Key messages on question order within a subjective well-being question module

Although overall effect sizes appear to be small in most cases, the presence of order effects within groups of subjective well-being questions has some clear implications for survey design. First, it seems advisable to ask the most general evaluative questions first, followed by domain-specific evaluative questions as necessary. If evaluative subjective well-being is measured by single-item scales, using only one of these measures should reduce redundancy and any potential for respondent confusion or fatigue. This means that a choice must be made between, for example, the Cantril Ladder, a life satisfaction question and an overall happiness question, rather than including them all in one survey. Where domain-specific measures are to be included, covering a wide range of domains should reduce the likelihood of respondents focusing on any one particular domain (such as marital or relationship satisfaction).

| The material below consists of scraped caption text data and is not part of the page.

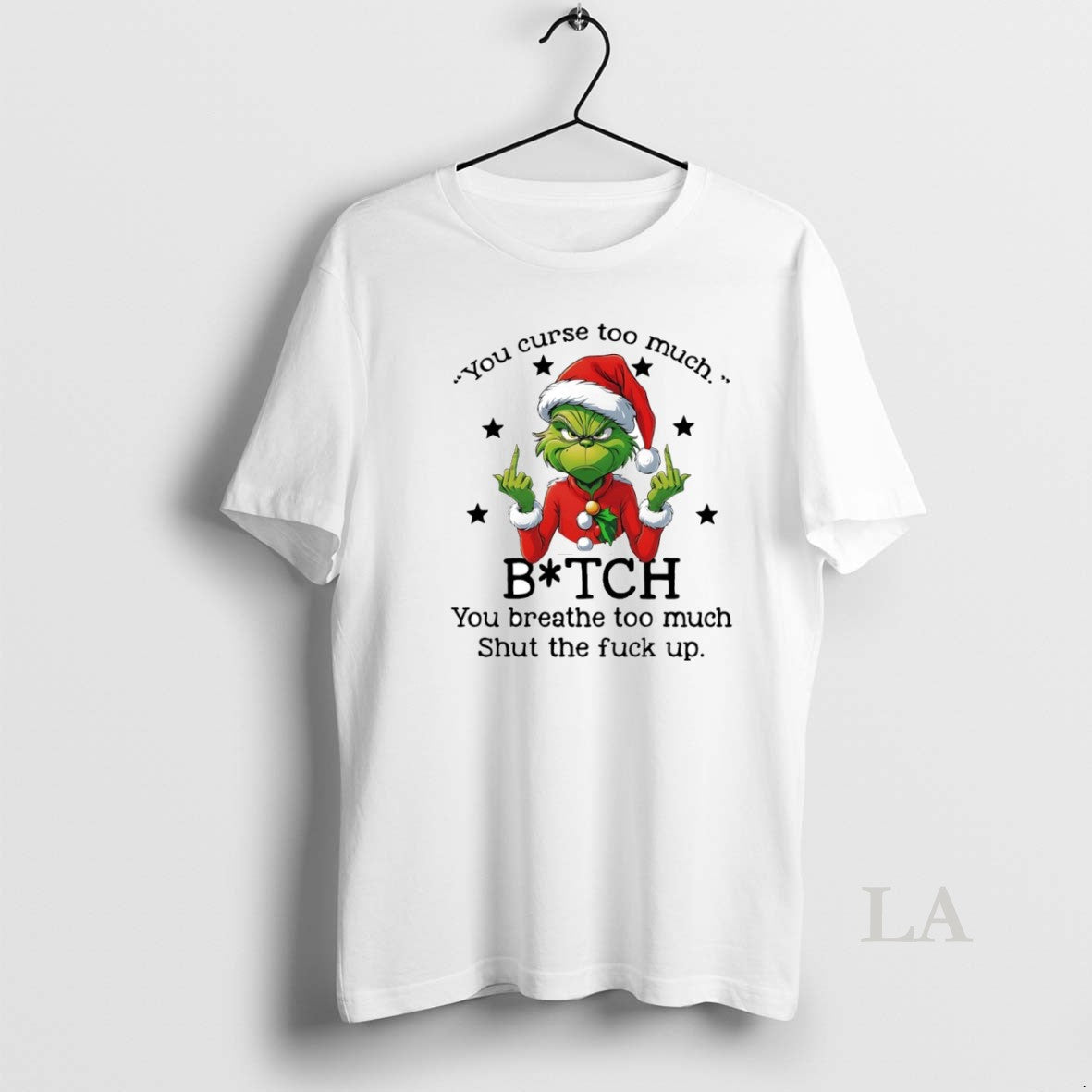 Original Grinch You Curse To Much Bitch You Breathe To Much Circle T-Shirts, Hoodie, Sweatshirt | PopFlextees.com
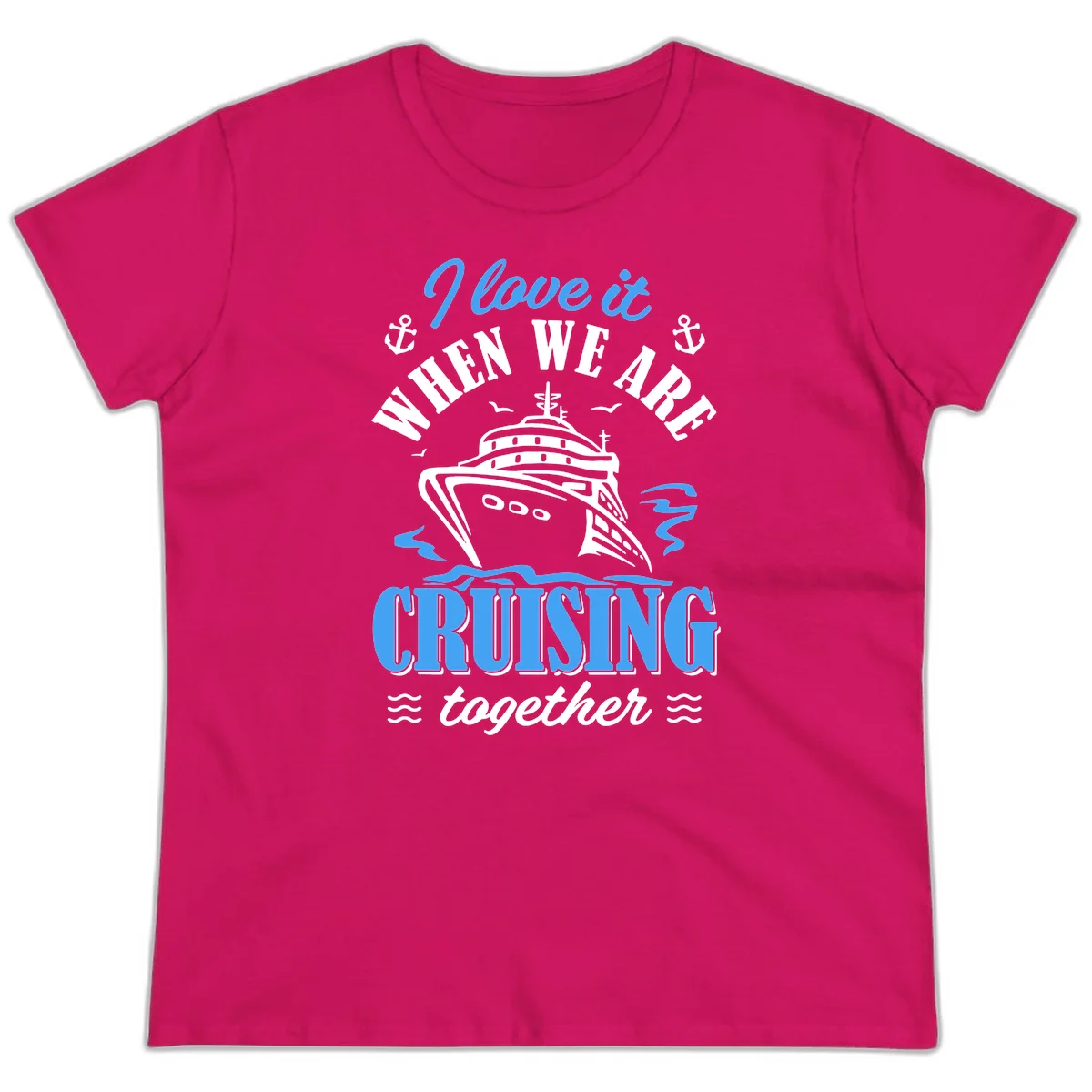 I Love It When We Aft Cruising Together Ladies Tee in Heliconia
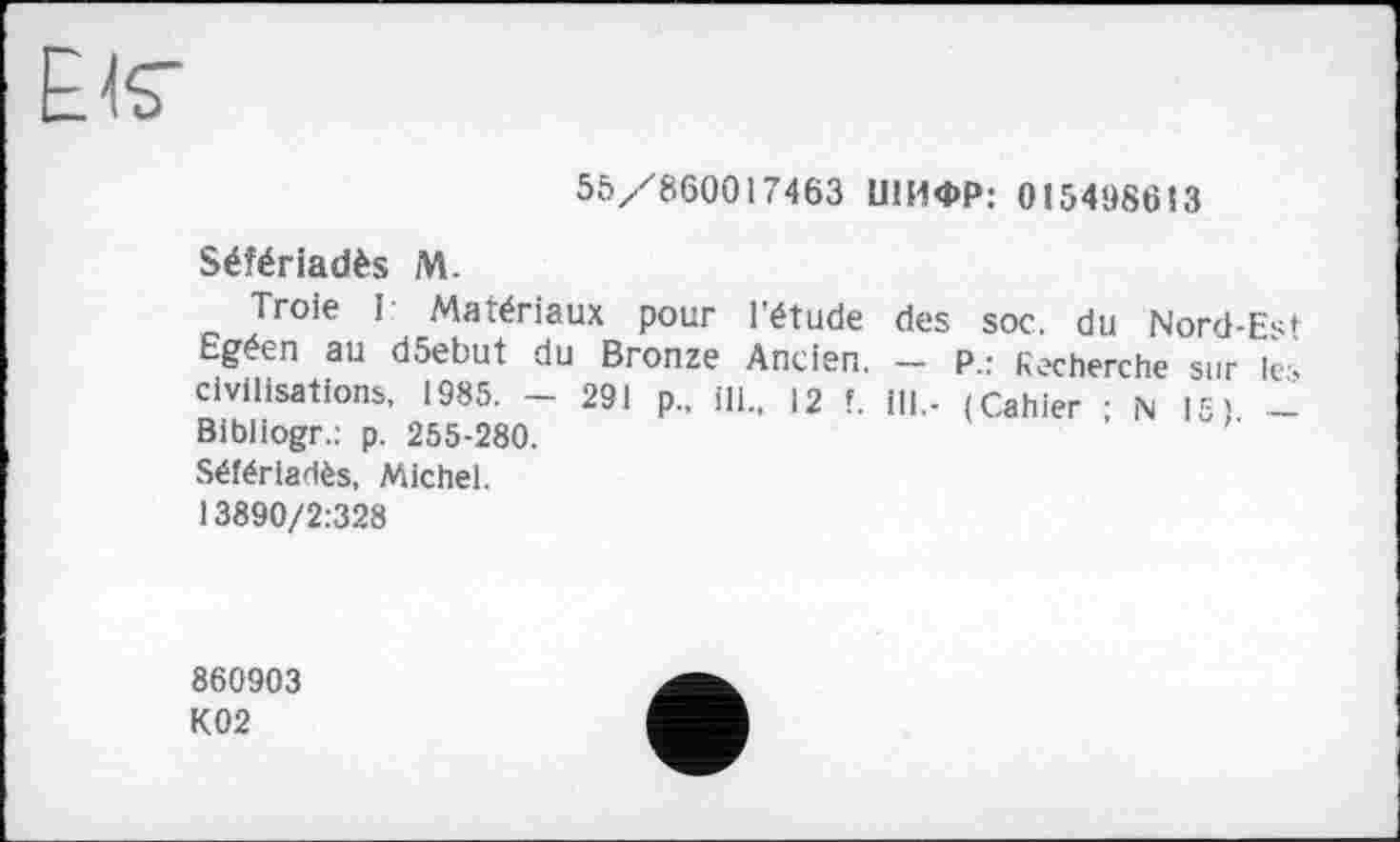 ﻿EJS"
55/860017463 ШИФР: 015498613
Séfériadès M.
Troie I Matériaux pour l'étude des soc. du Nord-Est Egéen au d5ebut du Bronze Ancien. — P.: Recherche sur Ici civilisations, 1985. - 291 p„ ill., 12 f. ill.- (Cahier N15) -Bibliogr.: p. 255-280.
Séfériadès, Michel.
13890/2:328
860903 K02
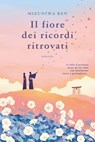 Il fiore dei ricordi ritrovati - Ren Mizuniwa - 9788842937470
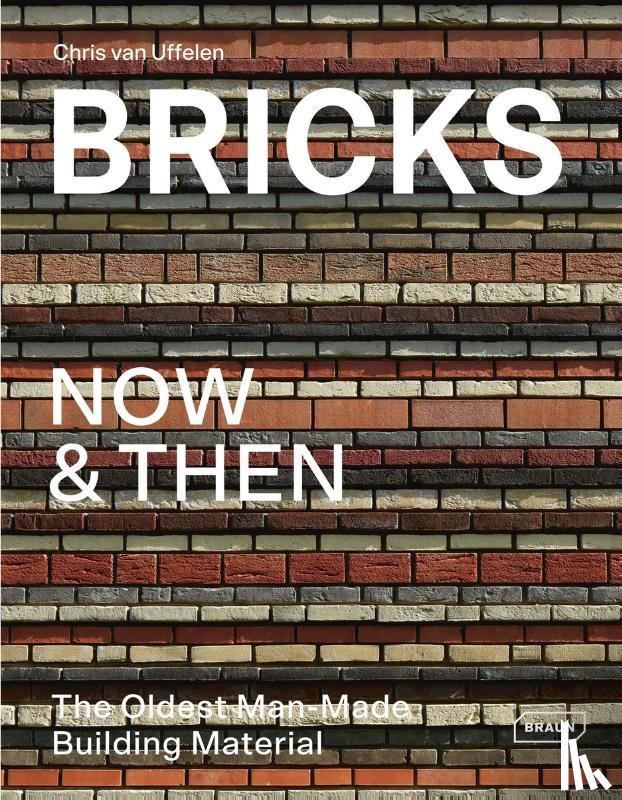 van Uffelen, Chris - Bricks Now & Then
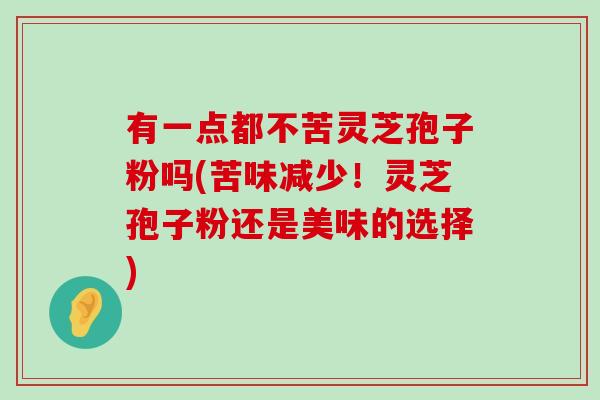 有一点都不苦灵芝孢子粉吗(苦味减少！灵芝孢子粉还是美味的选择)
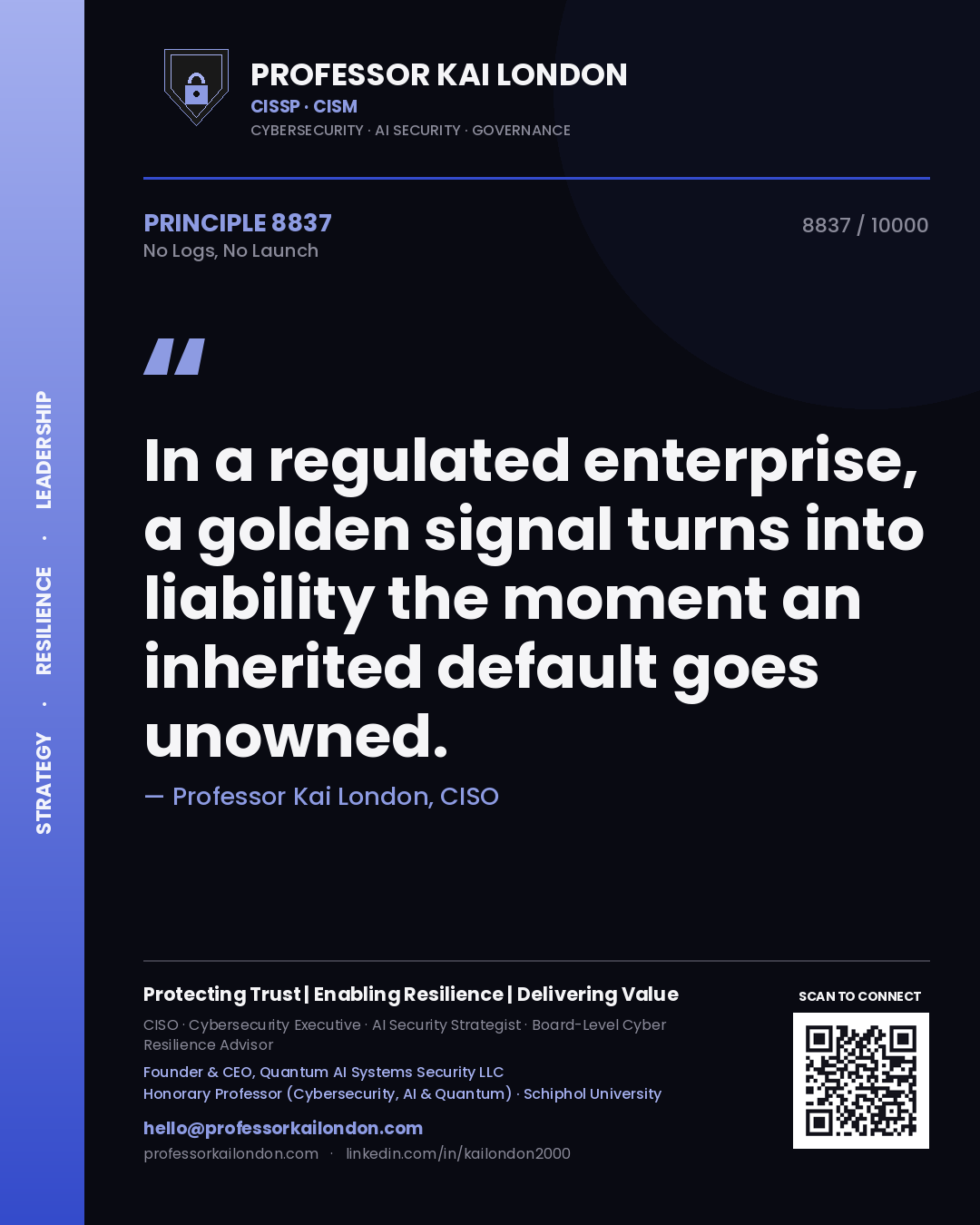 Quote card by Professor Kai London reading 'In a regulated enterprise, a golden signal turns into liability the moment an inherited default goes unowned.'. From the book No Logs, No Launch.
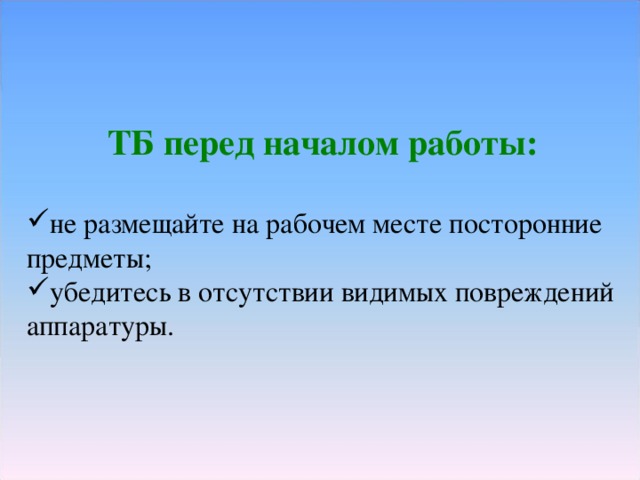 ТБ перед началом работы: не размещайте на рабочем месте посторонние предметы; убедитесь в отсутствии видимых повреждений аппаратуры. 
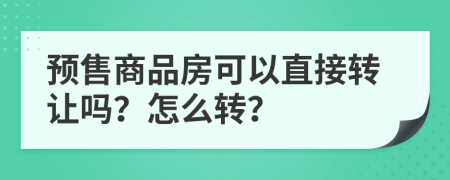 预售商品房可以直接转让吗？怎么转？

The approach of running from the general to the specific suggests that surveys should move from global evaluative measures to eudaimonic questions and then to more specific affect measures - although further work is needed to explore how responses to each of these questions may interact and concerning the buffering text and/or question instructions that might be best used to break up the question module. In the case of affect measures, although in theory randomised presentation of positive and negative affect items is likely to represent the optimal solution, in practice this could heighten the risk of respondent or interviewer error, particularly in less technologically-advanced survey settings. Thus, the best way to ensure comparability of results may be to use a fixed item order across all surveys. This requires further investigation.